Power generated from the two solar plants will be sold to Consumers Energy under a PPA signed earlier
Geronimo Energy, an American renewable energy developer, has selected J. Ranck Electric (JRE), an EPC contractor, for the development of two solar plants Bingham Solar and Temperance Solar, totalling 40MW of capacity, in Michigan.
The two solar plants are expected to begin operations by the end of this year and the power generated from these two solar plants will be sold to Consumers Energy under a power purchase agreement (PPA) signed earlier.
Bingham Solar and Temperance Solar, which are located in Clinton and Monroe counties, respectively, are part of a solar portfolio called MiSolar Portfolio.
Geronimo Energy president David Reamer said: “We look forward to furthering Geronimo’s commitment to the state of Michigan.

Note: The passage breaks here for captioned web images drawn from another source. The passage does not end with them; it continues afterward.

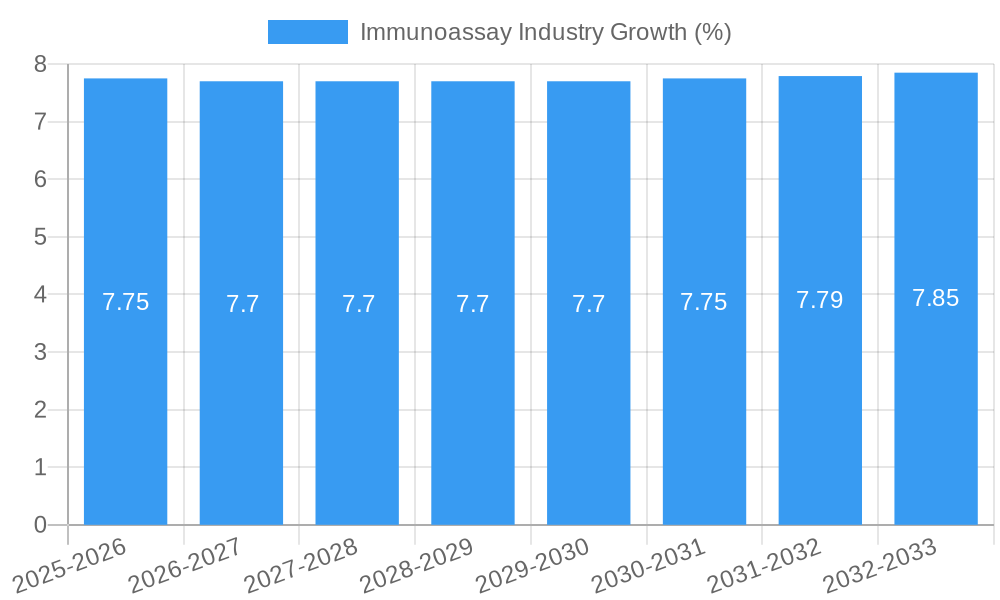 Immunoassay Industry Growth
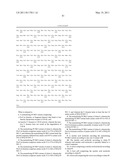 NEUTRALIZING PROPROTEIN CONVERTASE SUBTILISIN KEXIN TYPE 9 (PCSK9) VARIANTS AND USES THEREOF diagram and image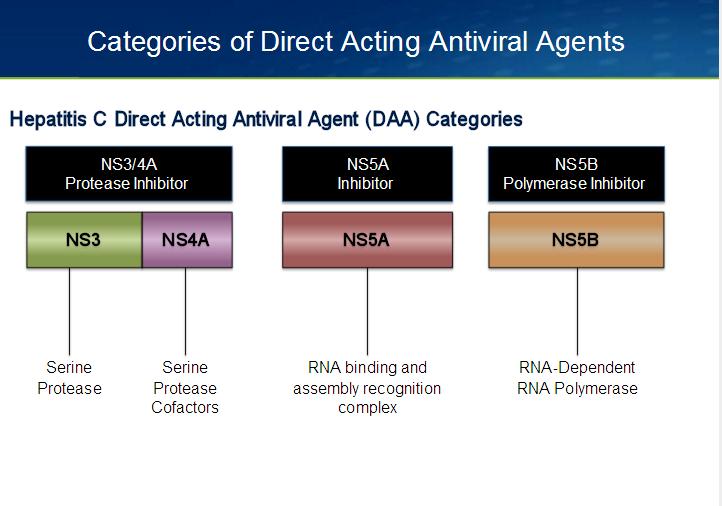 Antiviral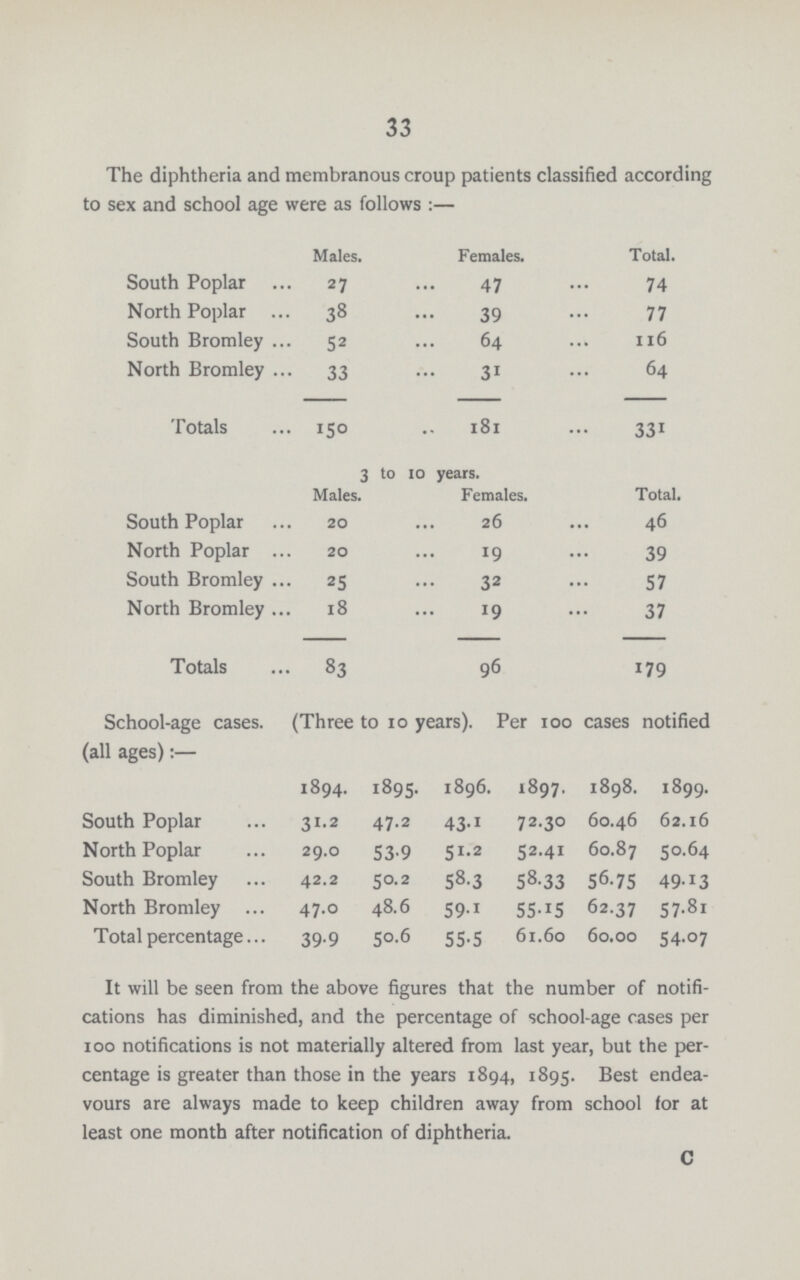 33 The diphtheria and membranous croup patients classified according to sex and school age were as follows:— Males. Females. Total. South Poplar 27 47 74 North Poplar 38 39 77 South Bromley 52 64 116 North Bromley 33 31 64 Totals 150 181 331 3 to 10 years. Males. Females. Total. South Poplar 20 26 46 North Poplar 20 19 39 South Bromley 25 32 57 North Bromley 18 19 37 Totals 83 96 179 School-age cases. (Three to 10 years). Per 100 cases notified (all ages):— 1894. 1895. 1896. 1897. 1898. 1899. South Poplar 31.2 47.2 43.1 72.30 60.46 62.16 North Poplar 29.0 53.9 51.2 52.41 60.87 50.64 South Bromley 42.2 50.2 58.3 58.33 56.75 49.13 North Bromley 47.0 48.6 59.1 55.15 62.37 57.81 Total percentage 39.9 50.6 55.5 61.60 60.00 54.07 It will be seen from the above figures that the number of notifi cations has diminished, and the percentage of school-age cases per 100 notifications is not materially altered from last year, but the per centage is greater than those in the years 1894, 1895. Best endea vours are always made to keep children away from school for at least one month after notification of diphtheria. C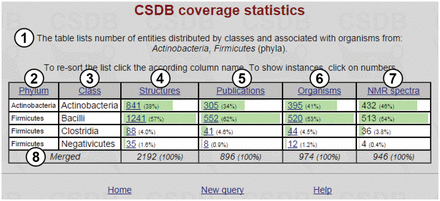 Coverage statistics for the Actinobacteria and Firmicutes phyla.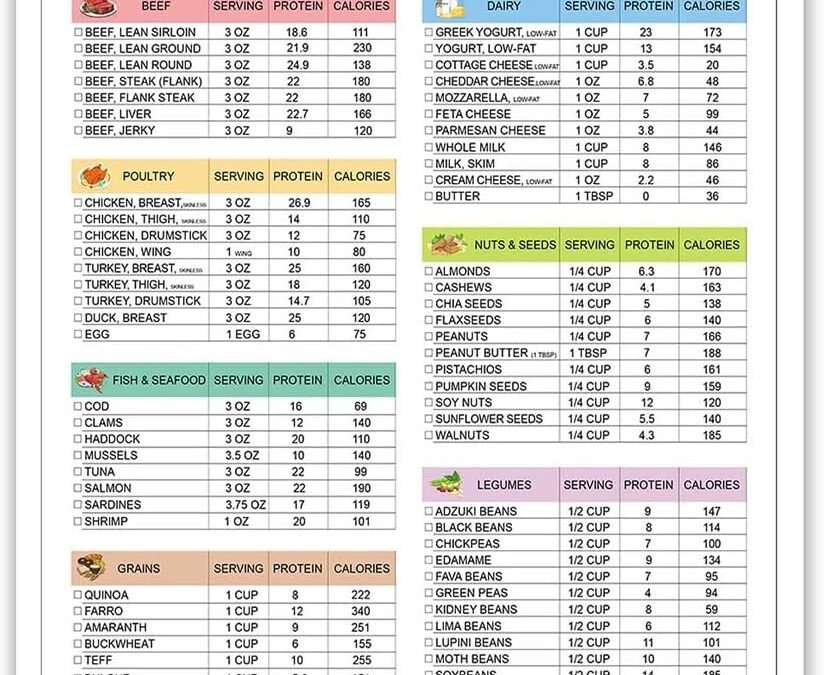 Wholesale Modern Protein Food Chart Posters High Protein List And Low Carb Keto Chart Canvas Wall Art Healthy Food Aesthetic Prints Painting For Home Bedroom Dorm Wall Decor 12x16in Unframed Factory & Supplier OEM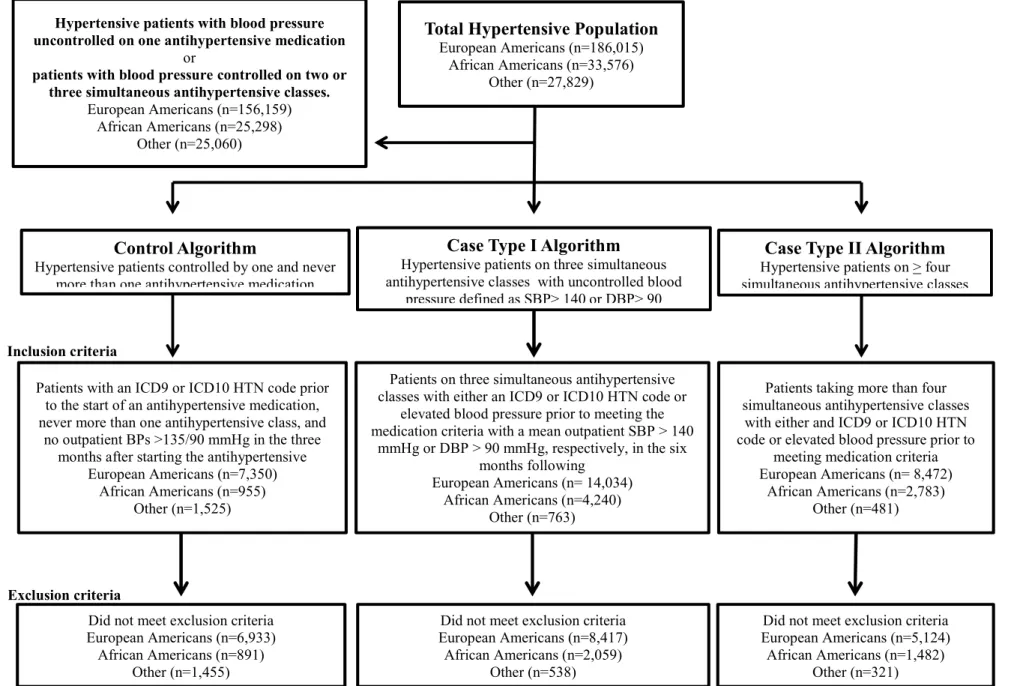 Figure 6. Diagram of the algorithms for the identification of patients with resistant (cases) and easily controlled (control) hypertension in Total Hypertensive Population 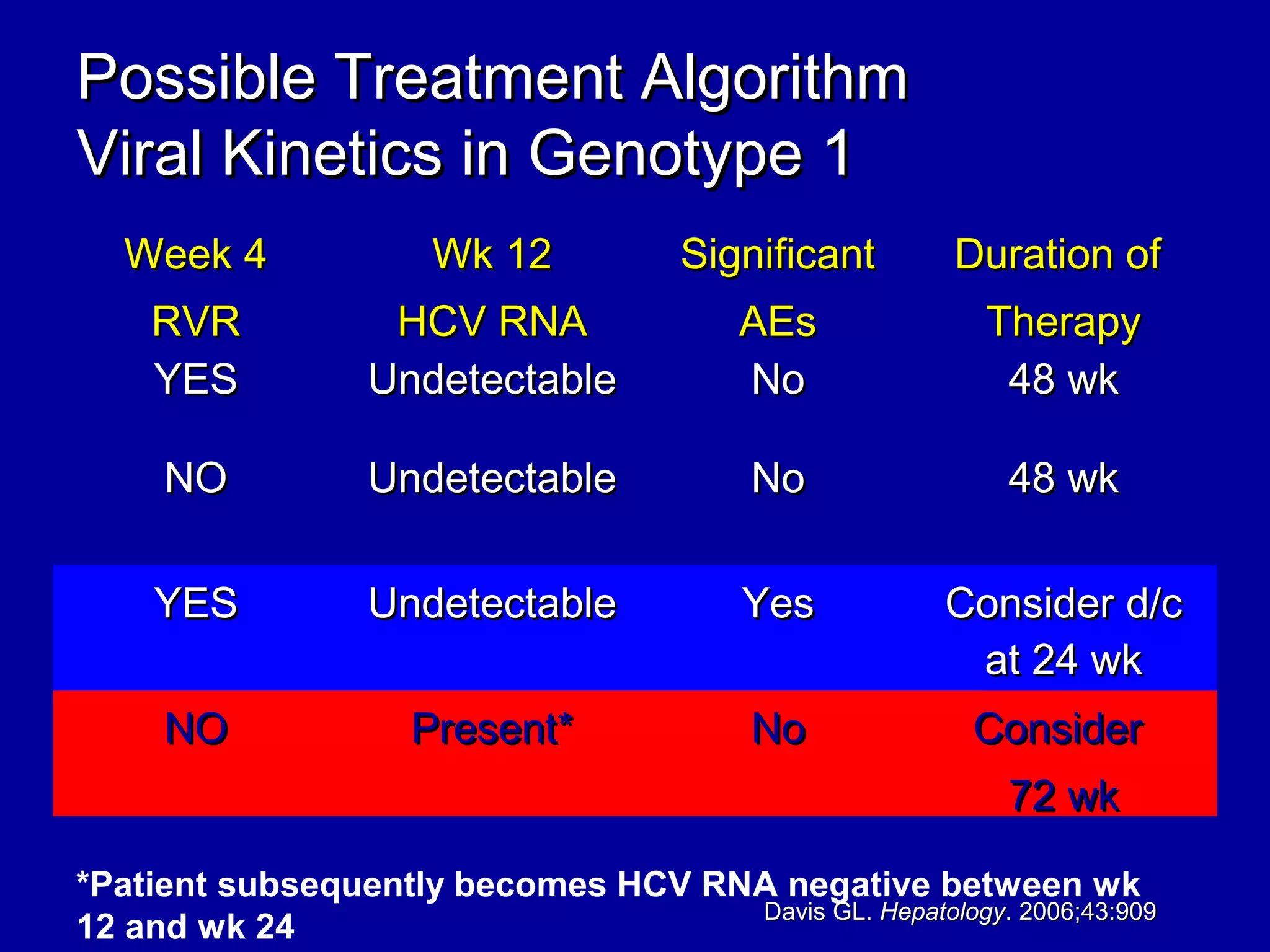 Possible Treatment AlgorithmPossible Treatment Algorithm
Viral Kinetics in Genotype 1Viral Kinetics in Genotype 1
Week 4Week 4
RVRRVR
Wk 12Wk 12
HCV RNAHCV RNA
SignificantSignificant
AEsAEs
Duration ofDuration of
TherapyTherapy
YESYES UndetectableUndetectable NoNo 48 wk48 wk
NONO UndetectableUndetectable NoNo 48 wk48 wk
YESYES UndetectableUndetectable YesYes Consider d/cConsider d/c
at 24 wkat 24 wk
NONO Present*Present* NoNo ConsiderConsider
72 wk72 wk
Davis GL.Davis GL. HepatologyHepatology. 2006;43:909. 2006;43:909
*Patient subsequently becomes HCV RNA negative between wk
12 and wk 24
 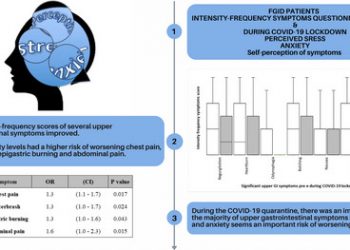 Impact of COVID‐19 lockdown on symptoms in patients with functional gastrointestinal disorders: Relationship with anxiety and perceived stress – Oliviero – – Neurogastroenterology & Motility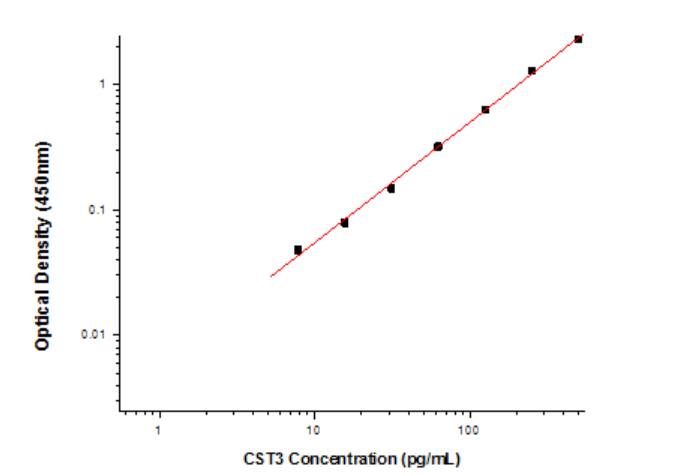 ELISA Cystatin C Antibody Pair [HRP]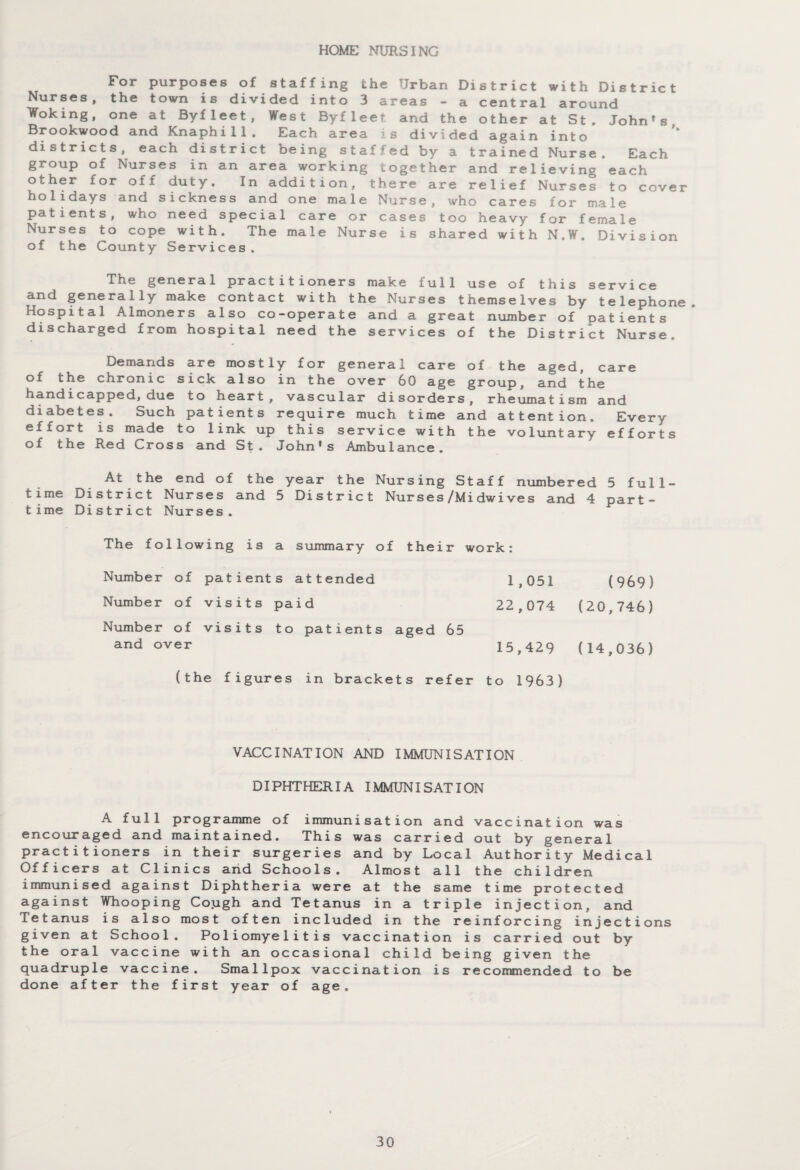 HOME NURSING For purposes of staffing the Urban District with District Nurses, the town is divided into 3 areas - a central around Woking, one at Byfleet, West Byfleet and the other at St. John's Brookwood and Knaphill. Each area is divided again into districts, each district being staffed by a trained Nurse. Each group of Nurses in an area working together and relieving each other for off duty. In addition, there are relief Nurses to cover holidays and sickness and one male Nurse, who cares for male patients, who need special care or cases too heavy for female Nurses to cope with. The male Nurse is shared with N.W. Division of the County Services. The general practitioners make full use of this service and generally make contact with the Nurses themselves by telephone. Hospital Almoners also co-operate and a great number of patients discharged from hospital need the services of the District Nurse. Demands are mostly for general care of the aged, care of the chronic sick also in the over 60 age group, and the handicapped,due to heart, vascular disorders, rheumatism and diabetes. Such patients require much time and attention. Every effort is made to link up this service with the voluntary efforts of the Red Cross and St. John's Ambulance. At the end of the year the Nursing Staff numbered 5 full¬ time District Nurses and 5 District Nurses/Midwives and 4 part- time District Nurses. The following is a summary of their work: Number of patients attended Number of visits paid Number of visits to patients aged 65 and over (the figures in brackets refer 1,051 22,074 15,429 to 1963) (969) (20,746) (14,036) VACCINATION AND IMMUNISATION DIPHTHERIA IMMUNISATION A full programme of immunisation and vaccination was encouraged and maintained. This was carried out by general practitioners in their surgeries and by Local Authority Medical Officers at Clinics and Schools. Almost all the children immunised against Diphtheria were at the same time protected against Whooping Cough and Tetanus in a triple injection, and Tetanus is also most often included in the reinforcing injections given at School. Poliomyelitis vaccination is carried out by the oral vaccine with an occasional child being given the quadruple vaccine. Smallpox vaccination is recommended to be done after the first year of age.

Solar projects like these are not possible without the collective support of customers like Consumers, partners like J. Ranck, and local residents who live in the project communities.
“Together with these key stakeholders, we are excited to start construction and begin to provide the associated local benefits to the people in the great state of Michigan, such as new tax revenue, in-state spending, and job creation.”
The two solar plants can help avoid 50,000 metric tons of CO2 emissions annually
Geronimo Energy will own and operate the two power plants, which are expected to generate enough power to supply about 8,000 Michigan homes, while helping to avoid as much as 50,000 metric tonnes of CO2 emissions annually.
JRE business development director Scott Walker said: “With these projects, we’ll put an estimated 120 Michigan construction workers on the job and further J. Ranck Electric’s role in growing our state’s renewable energy infrastructure.
“We could not be more proud and excited to work with Consumers Energy and Geronimo to build these solar projects.”
Last month, Geronimo Energy signed a PPA with Big Rivers Electric for the 160MW Unbridled solar project in Henderson and Webster Counties, Kentucky.
Expected to begin operations at the end of 2023, the solar plant can offset 255,000 metric tonnes of CO2 emissions.